======== The data
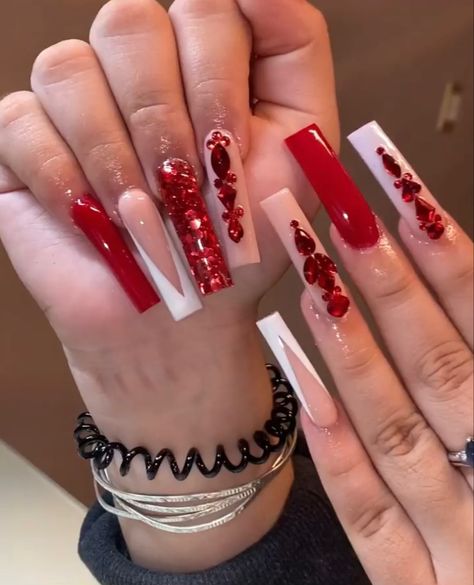 Classy Summer Nails, Hot Summer Nails, Summer Nails Bright, Quinceanera Nails, Emerald Nails, Vegas Nails, Nails Bright, Cute Summer Nail Designs, Fun Summer Nails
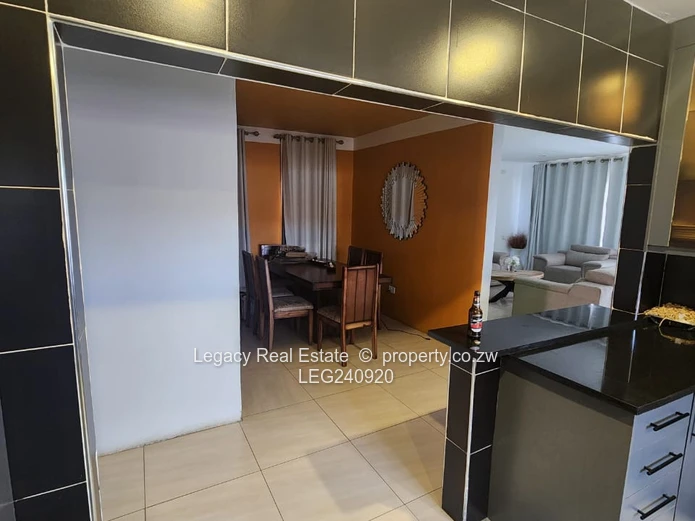 Granary Home with 2 Ensuites, Solar & Borehole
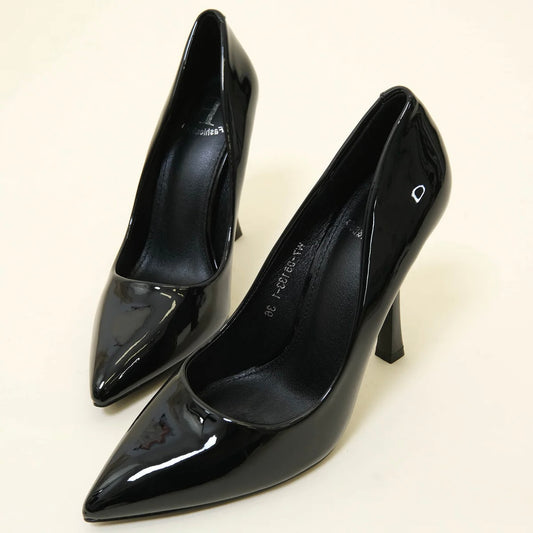 Decoltè glossy black basic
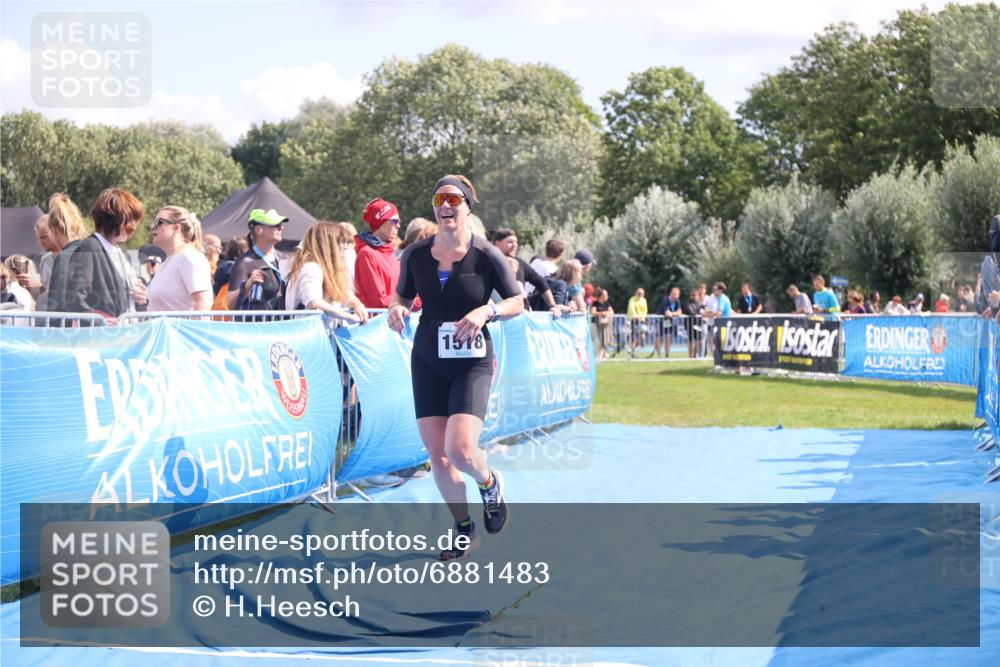 25.08.2024 - Elbe Triathlon Hamburg H.Heesch http://msf.ph/oto/6881483 25.08.2024 11:56:59 Ziel 788, 1492, 1518 meine-sportfotos.de
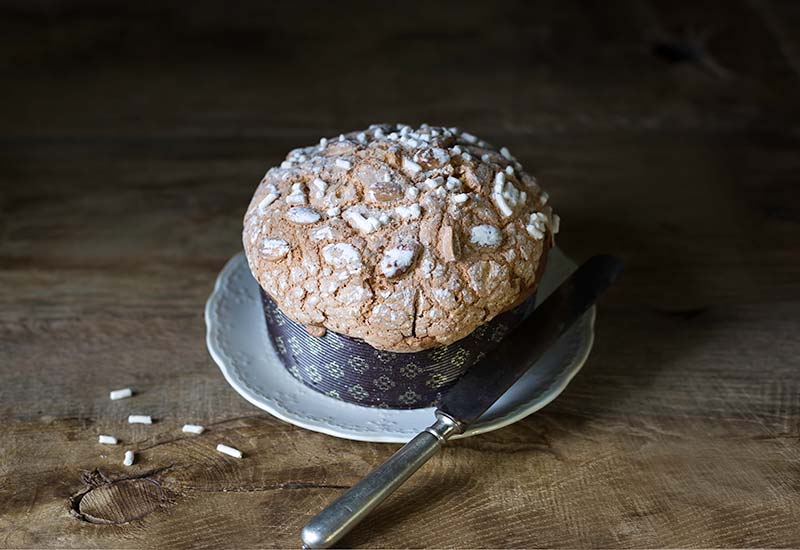 Panettone artigianale con albicocche candite del Panificio Alinovi di Parma: idea regalo per Natale.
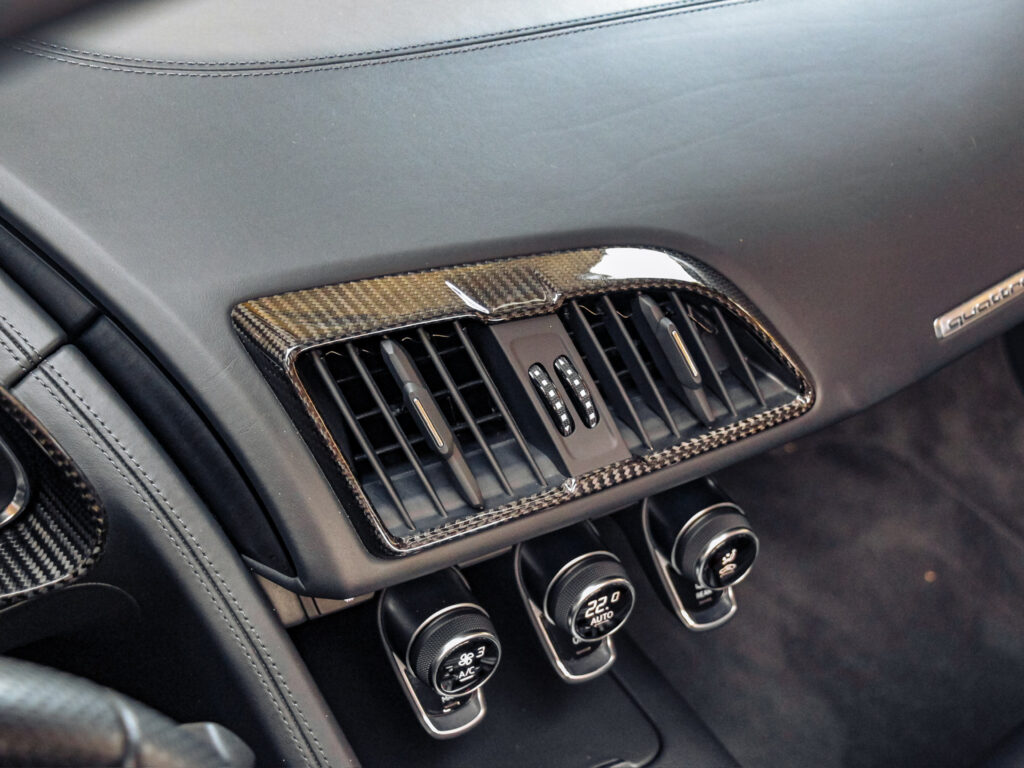 AUDI R8 Spyder 5.2 FSI quattro B&O, CARBON, CCB, CAM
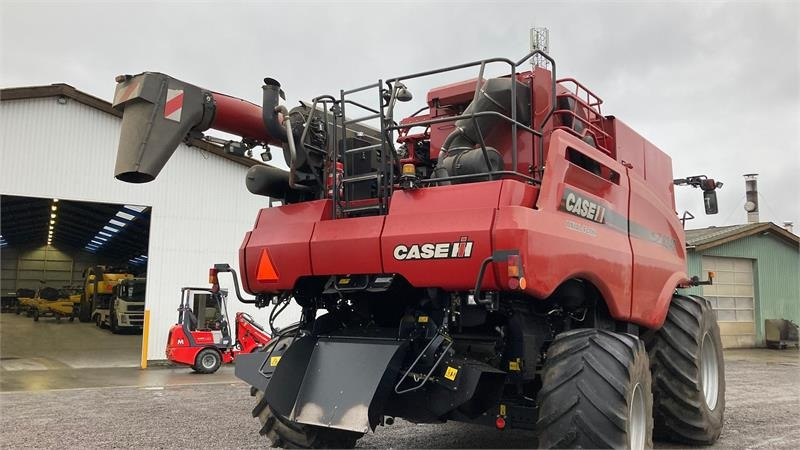 Case IH Axial Flow 8240 - Moissonneuse-batteuse: photos 2 Case IH Axial Flow 8240 - Moissonneuse-batteuse: photos 2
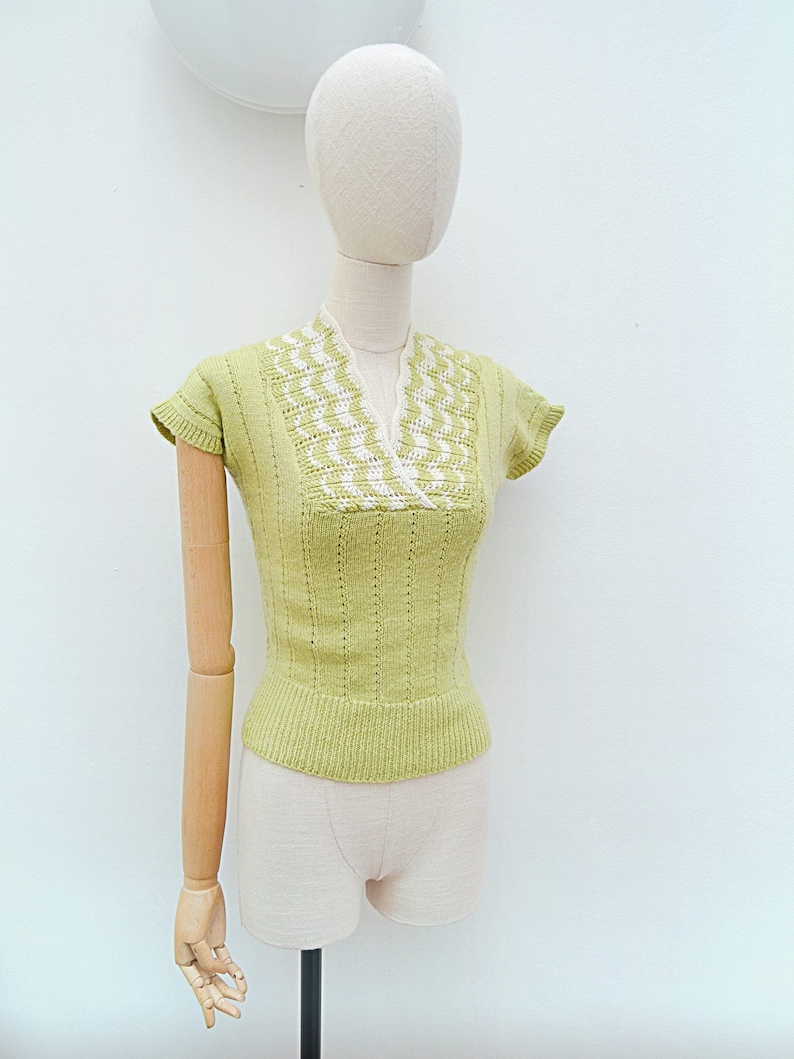 1950s Short sleeved sweater top, 50s soft chartreuse green knit, Handknitted pastel tight jumper XS image 2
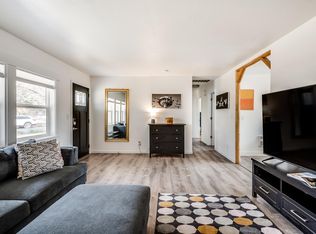 510 SE Edgewater Ln, Bend, OR 97702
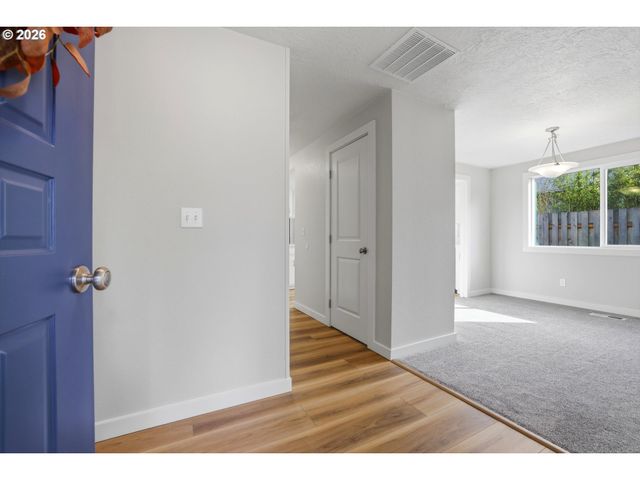 21634 Sw COLUMBIA Dr, Tualatin, OR 97062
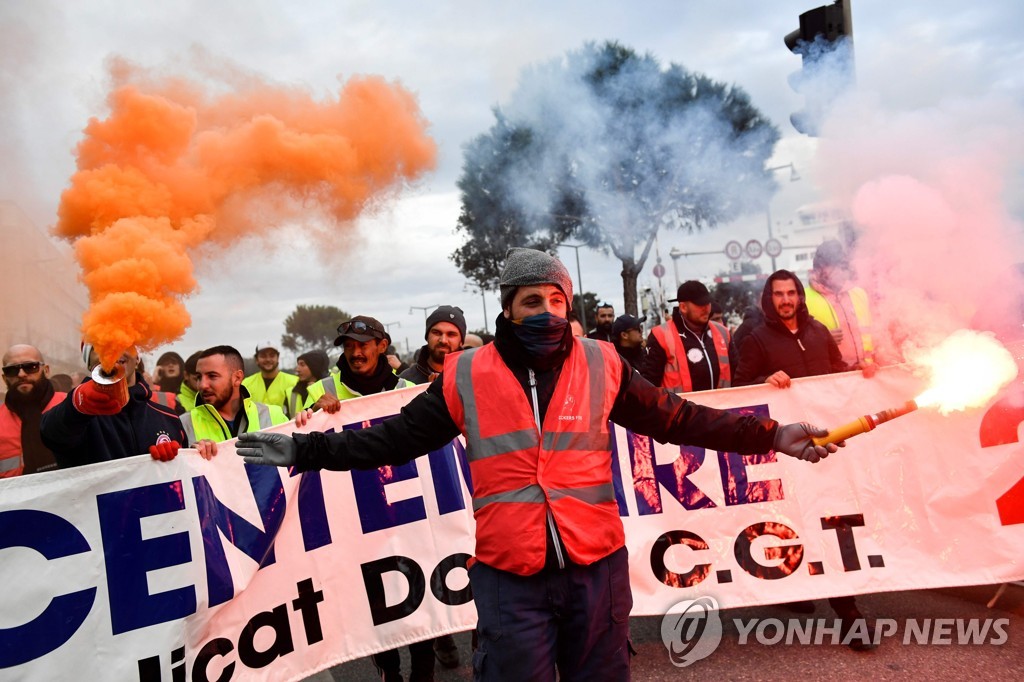 FRANCE-SOCIAL-STRIKE-DEMO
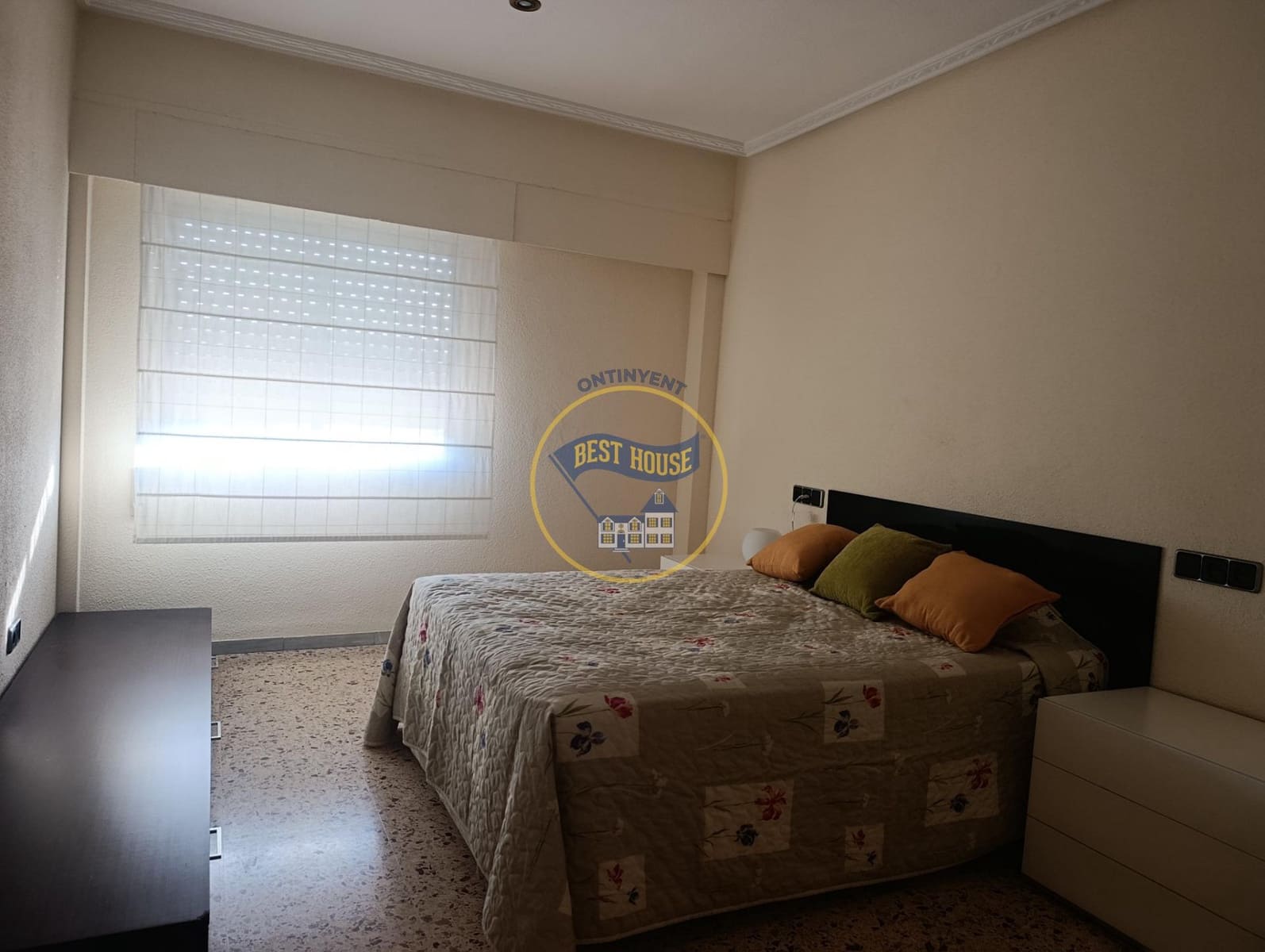 3 slaapkamer Flat te koop in Albaida - € 80.000 (Ref: 9999692)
================
Your objective - Exactly as written, repeat the lines of the material above from the first through the line holding "25.08.2024 - Elbe", with both ends in the copy and no pictures.

Response for this exercise -
 Classy Summer Nails, Hot Summer Nails, Summer Nails Bright, Quinceanera Nails, Emerald Nails, Vegas Nails, Nails Bright, Cute Summer Nail Designs, Fun Summer Nails
 Granary Home with 2 Ensuites, Solar & Borehole
 Decoltè glossy black basic
 25.08.2024 - Elbe Triathlon Hamburg H.Heesch http://msf.ph/oto/6881483 25.08.2024 11:56:59 Ziel 788, 1492, 1518 meine-sportfotos.de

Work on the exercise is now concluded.